If offered you a way to have a super yummy meal waiting for you when you got home and it would cost you $.05 an hour, the cost of the ingredients and 20 minutes of your time either in the morning before heading out the door or while on your lunch break, would you want it? I'm sure you've guessed that I'm talking about a slow cooker (a.k.a. a crock-pot). Yes, the $.05/ hour is a real statistic!
When we (my husband and I) are deciding to go to dinner we spend about 20-30 minutes deciding where to go.
"What are you in the mood for?"
"How about Italian?"
"OK. Pizza or pasta-type?"
"Eh... Olive Garden ish."
"It's 6:00. The line will be out the door."
"Yeah, I'm not really feeling Olive Garden anyway."
"Well, then what do you want?"
"Applebee's? Nah. Tonight's that crazy drink special offer. The line will be even longer than usual, and we'll have to deal with a bunch of wasted students."
"How about Outback?"
"Oooo. Tonight's that really great special at Leaning Tower (local pizza place... super yummy!)"
"But we went there last time."
Get the idea?
If we transferred the time and energy we spent picking a place to eat to dumping stuff into a crock-pot that morning (or when we were home for lunch), we'd have been eating dinner and relaxing. There are about a billion resources for easy, cheap slow cooker meals.

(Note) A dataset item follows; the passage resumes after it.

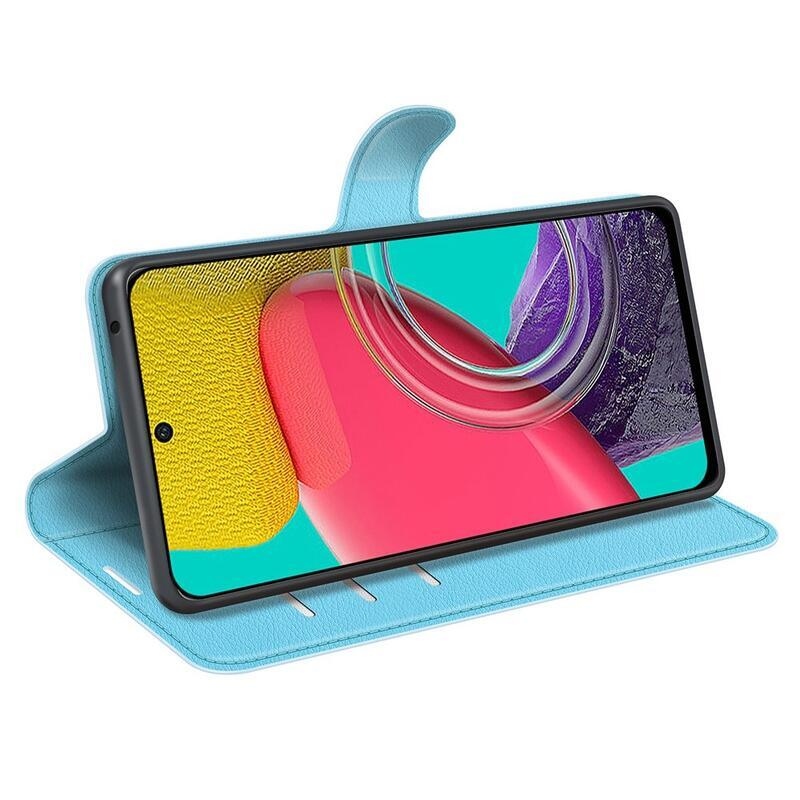 Litchi PU bőr pénztárca tok Samsung Galaxy M53 5G-hez - kék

My favorites are both blogs. The first is Hallee the Homemaker (an amazing resource for homemaking in general): www.halleethehomemaker.com
and A Year of Slow Cooking. (This lady used her slow cooker everyday for a full year! She can cook anything!) http://crockpot365.blogspot.com/
My personal suggestions for recipes from HTH are Root Beer Barbecued Beef Sandwiches and Spinach Lasagna (not a crock pot meal, but very easy and AMAZING!)I haven't tried the recipes from AYOSC, but they are making their way onto our calendar soon.

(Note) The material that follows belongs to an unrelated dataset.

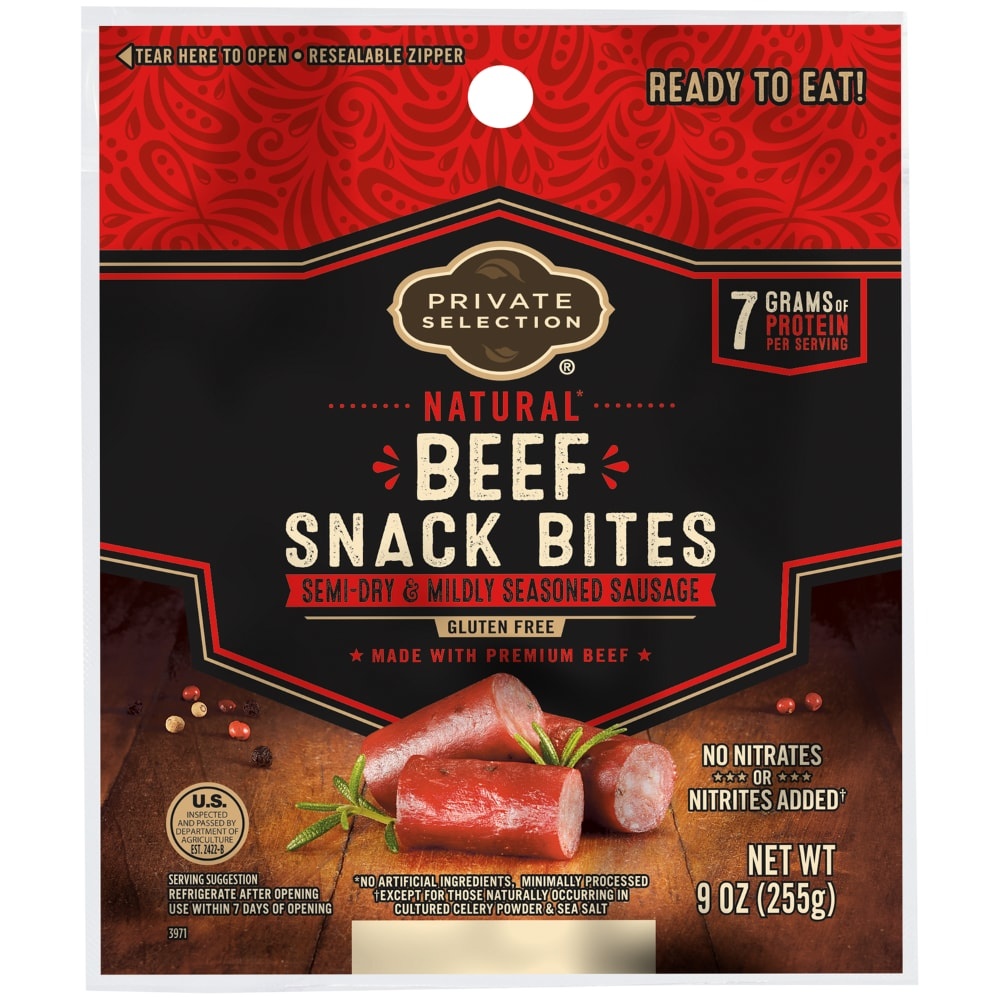 slide 1 of 1, Private Selection Natural Beef Snack Bites, 9 oz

Crock-pots save you money because you can buy cheap cuts and slow cook them, making them very tender. Beans are super cheap (and good for you), but they can be kind of blah. Most slow cooker recipes fix that. Also, most of the time, you can grab a few ingredients you have in your pantry /fridge(beans, veggies, leftover hamburger, mashed potatoes),and some spices (Salt and pepper, maybe some garlic powder)... dump, pour, sprinkle... and you're good to go. Think what you want about her, but Rachael Ray's measurements (a dollop, a palm full, etc.)are SO easy, and they're perfect for this type of cooking. (I don't really do exact measurements, which is why I don't bake... too much science.) Crock pot meals are PERFECT for teaching teens/ young adults that will be off fending for themselves soon... no tears mom! Perfect for dorms. Oh how I wish I'd had a crock pot when I was in the dorms! *sigh*
Traveling this summer? Take a crock-pot! You'll save a bunch of money by going to a local grocery store and doing a pouring cans into the crock pot (and letting it cook all day while you're out and about) rather than going out to eat. (More money for souvenirs!)You come back to your hotel room and VOILA! Dinner is served!
Of course, crock-pot meals can become far less healthy very quickly (creamed soups, tons of cheese, salt from canned veggies, etc.), so you have to be aware of what you're eating. Lentil and veggie soup is both filling and healthy. Cocktail weinnes with grape jelly and barbecue sauce (seriously, it's delicious!)... not so much, but oh so yummy!